The project is currently budgeted at some A$32-million, saving the country hundreds of millions of dollars as opposed to using other costly conventional technologies.

Once complete, the upgraded system will service 1,6-million people, or about half of the population of Melbourne, processing some 500-megalitres a day.

The second and third phase will depend on the performance of the first, which currently produces final effluent of the required discharge standard.

The project is scheduled for completion by 2004.

In other new developments, the local technology received a R6-million boost when Bioventures agreed to invest in the Johannesburg-based company Amandla Water.

Amandla Water has secured the exclusive global marketing rights to the Petro wastewater treatment technology.

"There are currently 18 Petro systems in operation in the world today, most of them are located in South Africa, and the Bioventures investment will enable us to actively promote the technology in the international market," says Amandla Water's director of operations Charles Polson.

Amandla Water was established last year to specifically market sustainable technologies to respond to the growing challenges of the global water sector.

The company is jointly owned by Bioventures – a consortium of Gensec Bank, Genbel Securities, Real Africa Holdings, the Industrial Development Corporation and the International Finance Council – together with an international investor and the company's management team.

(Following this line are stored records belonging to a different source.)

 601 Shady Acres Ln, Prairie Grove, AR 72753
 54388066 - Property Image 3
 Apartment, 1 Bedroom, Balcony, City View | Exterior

"Professionals the world over are being called on to provide technology that will contribute to the challenge of sustainability. "It is our commitment to continuously seek out innovation and to advocate, promote and market technologies that will add value to the planet rather than deplete its resources, and we believe that Petro is such a technology," says Polson.

Petro technology was developed by Pieter Meiring of Meiring Turner and Hoffmann, together with the South African Water Research Commission, and extensively researched by Dr Oleg Shipin.

"The attractiveness of the Petro system is that it bridges gaps between the developed and developing worlds.

"The simplicity, low cost and ease of operation as well as the capacity to produce an effluent matching the standards of far more expensive 'First World' solutions," explains Polson.

The concept is based on using stabilisation ponds as a first stage of treatment, to tackle the bulk of the organic load.

However, these ponds have a serious drawback in that, while reducing the wastewater organic load, they produce large quantities of microalgae which are difficult to remove from the final effluent, at low cost.

For this reason a polishing facility is used as the secondary stage, in the form of either a rock-trickling filter or an activated sludge process, says Shipin.

"This second stage forms the heart of the Petro technology.

That is where all the magic happens," says Shipin.

Under stress, algae autoflocculate and remove themselves through the rock filter or activated sludge process, he says.

The system is highly suitable for phased development or retrofitting, and easily incorporates present treatment infrastructure, making it cost effective.